→ Exercise:
From the line that contains "Luxury On The" to the final line of the records below, print each line exactly and leave every picture out.

[Dataset entries]
★ ★ ★ ★ ★

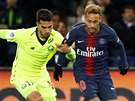 Neymar (vpravo) z Paris St Germain v souboji se  Zekim Celikem z Lille.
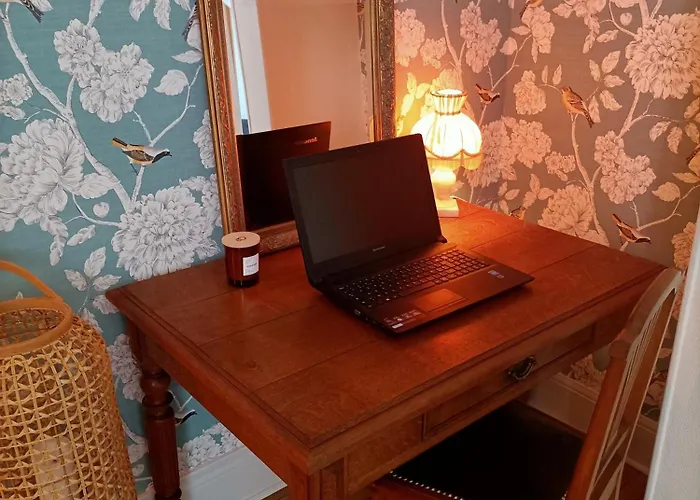 Le Fifties Apartment *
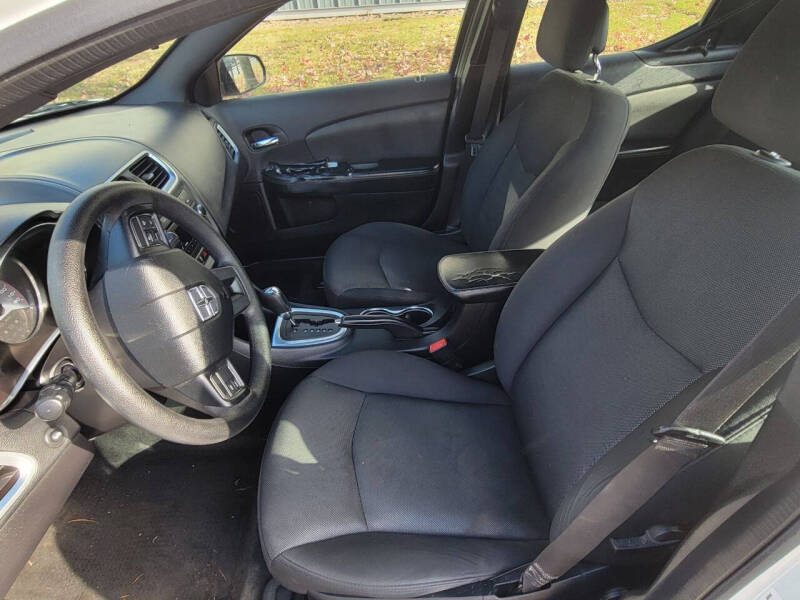 2014 Dodge Avenger SE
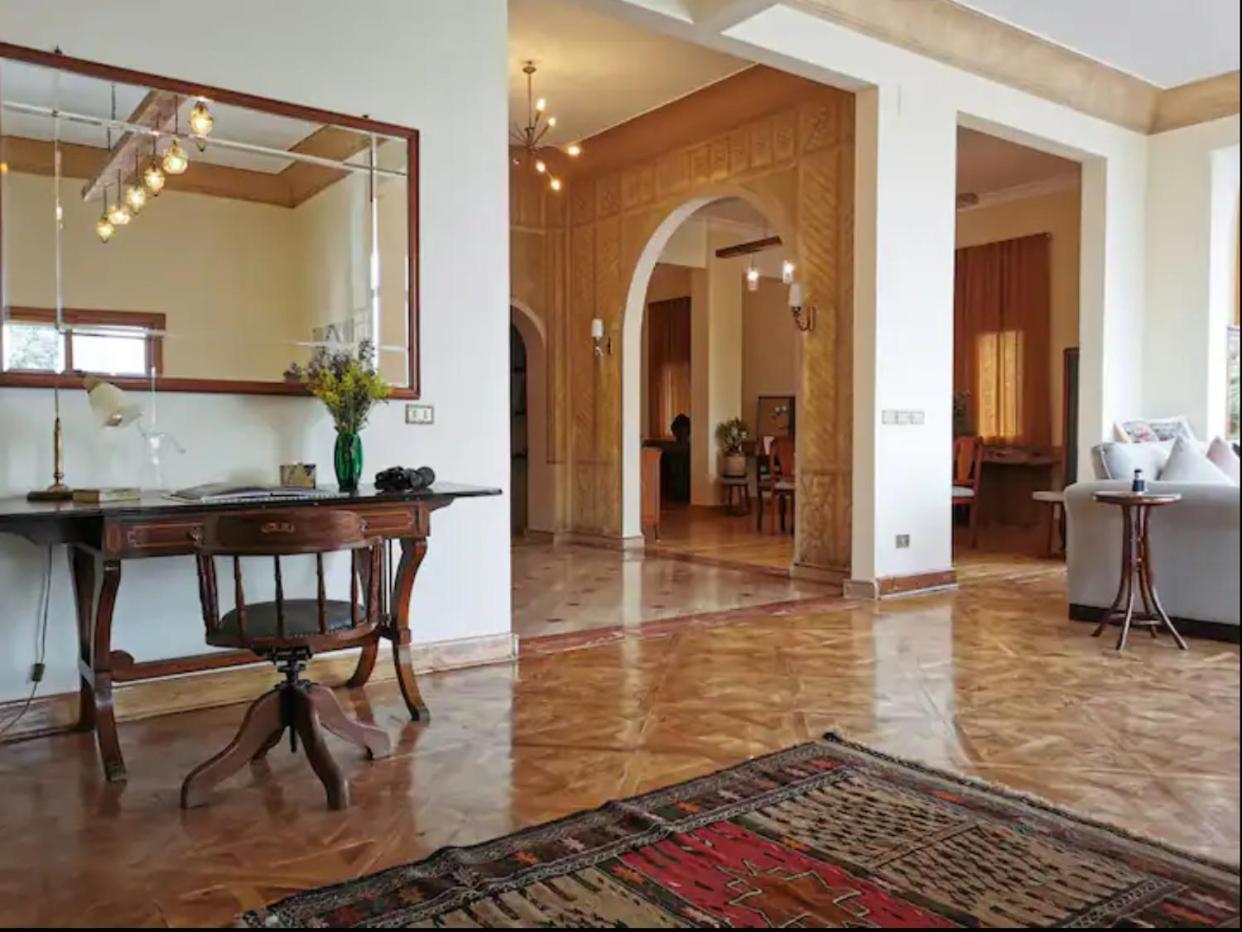 Luxury On The Nile - Zamalek Apartments Cairo Exterior photo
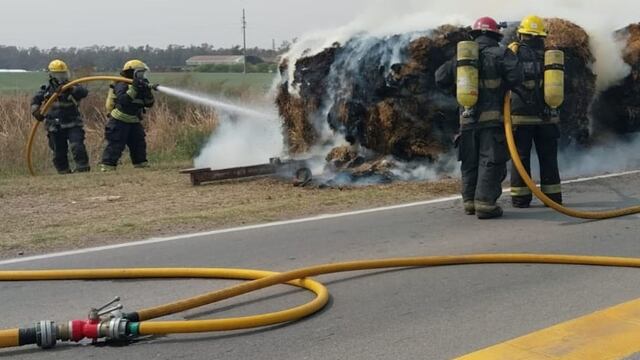 Bomberos sofocaron un Incendio de rollos de alfalfa en Arroyito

★ ★ ★ ★ ★

→ Answer to this problem:
 Luxury On The Nile - Zamalek Apartments Cairo Exterior photo
 Bomberos sofocaron un Incendio de rollos de alfalfa en Arroyito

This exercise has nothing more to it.